In her latest video she seems less concerned with the awkwardness of the Wonder Years and more with the strict disciplining of the body that being a gymnast requires. Training demands repetition, hours of  tedious physicality, a truth reinforced by the staccato rhythms of the video. As with anything that calls for unnatural excellence, failure is as common as success. The large colored rubber balls, which the girls use in their routines to prove they can achieve balance and “touch” in every limb, sometimes roll from their feet, along their legs, butt, and back before being trapped against their neck and head. At other times, the ball dribbles away.

This is not an inspirational video or TV documentary wherein the eager student finally achieves mastery after countless tries. We never see the competition. Whether these girls succeeded is left undocumented. There are no judges, except us.

Dijkstra photographs their bodies on their exercise mats with the calm intensity of Degas sketching the corps de ballet at the barre in the rehearsal rooms at the Paris Opera. She shares with him a sensual pleasure in the female body along with a sense of propriety. A smoldering sexuality can be found in the work of both artists, although nearly always safely suppressed.

Women’s gymnastics (and ice-skating) is far more popular than men’s because women’s bodies are more supple and lissome. (The blockier male body is seldom the star attraction of dance either. “Ballet is woman,” Balanchine declared.) Dijkstra’s pre-teens, like Degas’s “Little Dancer,” are already strong and muscular and freakishly elastic.

They stand on one prong-like leg that becomes the base for the surrealist shapes they weave. In their dislocations of normal movement, these girls also disorient our expectations of what muscles and tendons can endure. These are undeveloped bodies but we can see the tension in their extended limbs, the unpredictable growth spurt that soon will make them either more or less coordinated.

The gallery is not showing Dijkstra’s companion video from 2014 of students at the St. Petersburg ballet school. It might have further connected her to Degas’s studies of female dancers and their unique anatomy, and the similar regimentation called for in sport and art. Like the army, gymnastics at this early stage disapproves of individuality. Instead, it thrives on mass conformity to a standard. You do not excel or move to the next stage of your training until you have perfected a few elementary actions and knitted them together. What the video documents is the athletic equivalent of listening to talented class of conservatory pianists practicing scales. Dijkstra does not single out the girls for special qualities but edits them almost interchangeably, as a unit. Only their haircuts and the color of their leotards distinguishes one from another. (I thought that I counted three girls in the video until I was corrected by an assistant at Marian Goodman, who told me there are actually eleven.)

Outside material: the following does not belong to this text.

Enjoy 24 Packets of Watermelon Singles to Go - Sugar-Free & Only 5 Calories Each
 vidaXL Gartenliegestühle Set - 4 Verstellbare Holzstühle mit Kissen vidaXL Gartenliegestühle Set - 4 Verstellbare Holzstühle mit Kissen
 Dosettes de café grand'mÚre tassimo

I should complain that Dijkstra has not significantly “advanced” her art here beyond what I’ve come to expect and respect from her in the past, and if I weren’t so moved by her unsentimental compassion for these would-be Olympic gymnasts, most of whom will fail to make the national team and some of whom may come to a bad end, like Degas’s ballet rat Marie, I might be harsher in my judgment. As it is, my scorecard reads a nine out of a possible ten.

Collector’s POV: The works in this show are priced as follows. The video is priced at 95000, while each set of three photographs is 12000. Dijkstra’s photographs have become more generally available in the secondary markets in recent years, with prices ranging from roughly $5000 to $180000, with a sweet spot between $10000 and $50000.